Documentation

USAData Package Documentation

Overview

usadata is a Python package designed to support cleaning, analysis, and visualization of United States–related datasets. It is intended for students and analysts who want simple, reusable tools for working with U.S. demographic and statistical data.

This package provides: - Data cleaning tolls - Data analysis functions - Runnable streamlit app

Installation

You can install the required dependencies using:

uv pip install -r requirements.txt

To install the package locally:

uv pip install -e .

Package Structure

USAData/
├── analysis.py # Data analysis functions
├── cleaning.py # Data cleaning utilities
├── streamlit_app.py # Streamlit application
├── data/ # Included datasets
└── __init__.py

Modules and Functions

cleaning.py

Contains functions for preparing and cleaning raw datasets.

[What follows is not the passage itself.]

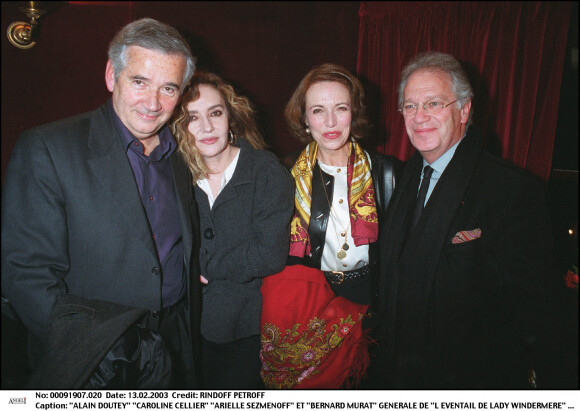 Alain Doutey, Caroline Cellier, Arielle Sezmenoff et Bernard Murat à la générale de L'éventail de Lady Windermere au Palais Royal.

Note there are several functions in this file that use an API to source and piece together the dataset. If the polished dataset is all that is needed use the code below to acquire a dataframe that sources data included in the package.

Example usage:

from usadata.cleaning import US

clean_df = USdata()

analysis.py

Provides functions for T-Tests and regression analysis.

Example usage:

from usadata.analysis import TTests

TTests(clean_df)

streamlit_app.py

Launches an interactive Streamlit dashboard for visualizing U.S. data.

To run the app:

streamlit run streamlit_app.py

Data

The data/ directory in the src/usadata directory contains packaged datasets that are accessed internally using importlib.resources. These datasets are used in the functions that use the final polished dataset and also for sourcing some of the states data that requires excel files to merge the data.

Dependencies

Key dependencies include: - pandas - streamlit - plotly - us - numpy - scipy - statsmodels - httpx - geopandas - requests

See requirements.txt for the full list.


Example Workflow

#| eval: false
import usaata
from usadata.cleaning import USdata
from usadata.analysis import TTests, regression analysis

clean_df = USdata()
TTests(clean_df)
regression_analysis(clean_df)

License

This project is licensed under the MIT License.

Authors

Created by Rebekah Jensen and Noah Champagne as part of a course project.

Notes

This package was built using the modern Python packaging standard (pyproject.toml) and uv_build.